Dove possiamo trovare una struttura più sicura? Dove una bellezza più naturale e vitale? Con che facilità posavano le travi di una copertura su queste antiche pietre e con quanta sensibilità ritagliavano tra loro le aperture!
Quali esempi migliori per un giovane architetto? Dove questo giovane potrebbe apprendere arti altrettanto semplici e vere se non da questi antichi, sconosciuti maestri?
Possiamo imparare anche dal mattone.
Come è sensibile questa piccola forma maneggevole, così pronta a ogni bisogna!
Che logica meravigliosa nel modo in cui si connette, forma una trama, da vita a una tessitura!
Che ricchezza nella superficie del muro più semplice! Ma che disciplina questo materiale richiede!
Perché ciascun materiale possiede caratteristiche proprie e noi le dobbiamo comprendere se intendiamo utilizzarlo.
E questo non è meno vero nel caso dell'acciaio e del calcestruzzo. Dobbiamo sempre ricordarci che tutto dipende dal modo in cui lo usiamo e non dal materiale in sé. Anche i nuovi materiali non sono necessariamente superiori. Ogni materiale è soltanto il risultato del nostro fare. Noi dobbiamo avere con le funzioni il medesimo rapporto di familiarità che intratteniamo con i materiali. Dobbiamo analizzarle per renderle chiare. Per esempio dobbiamo imparare a distinguere un edificio dove vivere da ogni altro tipo di costruzione. Dobbiamo imparare cosa un edificio può essere, cosa dovrebbe essere e anche cosa non dovrebbe essere.
Dobbiamo considerare una a una le funzioni di un edificio e usarle come basi della forma.
Così come dobbiamo familiarizzarci con i materiali e comprendere le funzioni, alla medesima maniera dobbiamo familiarizzarci con i fattori psicologici e spirituali dei nostri giorni.
Se così non accade nessuna attività culturale è possibile; pertanto noi dipendiamo dallo spirito del nostro tempo.
Per questa ragione dobbiamo comprendere le motivazioni e le forze del nostro tempo e analizzarne la struttura da tre punti di vista: uno materiale, l'altro funzionale e il terzo spirituale.
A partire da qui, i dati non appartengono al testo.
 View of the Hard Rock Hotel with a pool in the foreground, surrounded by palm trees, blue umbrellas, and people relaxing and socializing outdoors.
Dobbiamo chiarire ciò che rende la nostra epoca diversa da altre e quanto la assimila a loro.
A questo punto sorge il problema della tecnologia della costruzione.
Dobbiamo occuparci di veri problemi - problemi legati al valore e ai fini della nostra tecnica.
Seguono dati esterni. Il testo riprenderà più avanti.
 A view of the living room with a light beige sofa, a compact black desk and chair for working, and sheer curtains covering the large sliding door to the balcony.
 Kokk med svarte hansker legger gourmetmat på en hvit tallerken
Dovremo far vedere che la tecnica non soltanto promette grandezza e potere ma nasconde anche pericoli; che il male e il bene le sono propri come accade per ogni azione umana; che il nostro compito è prendere la giusta decisione.
Ogni decisione porta a un tipo d'ordine particolare.
Quindi dobbiamo comprendere quali principi dell'ordine sono possibili e renderli chiari.
Dobbiamo riconoscere che l'ordine risultato di un principio meccanicistico attribuisce un peso eccessivo agli aspetti materialistici e funzionalistici della vita e che per questo non può stimolare la nostra attesa per il prevalere dei fini sui mezzi e la nostra aspirazione a dignità e valore.
L'ordine derivato da un principio idealistico, d'altro canto, incline a enfatizzare astrazione e forma, non può soddisfare il nostro interesse per la semplice realtà né il nostro senso pratico.
Pertanto noi dobbiamo porre l'accento sull'ordine derivato da un principio organico, come mezzo atto a consentire il felice relazionarsi delle parti tra loro e delle parti al tutto.
E dovremo prendere posizione.
Il lungo cammino che porta dal materiale al lavoro creativo attraverso la funzione ha soltanto un unico fine; trarre ordine dalla disperante confusione del nostro tempo.
Dobbiamo avere ordine, assegnando a ciascuna cosa la sua appropriata collocazione e assegnando a ciascuna cosa quanto le spetta secondo natura.
Dovremmo farlo in modo tanto perfetto da far sì che da esso fiorisca il mondo delle nostre creazioni. Non vogliamo di più; di più non possiamo fare.
Nulla può esprimere i modi e i fini del nostro lavoro meglio delle profonde parole di Sant'Agostino: "la Bellezza è il risplendere del Vero"».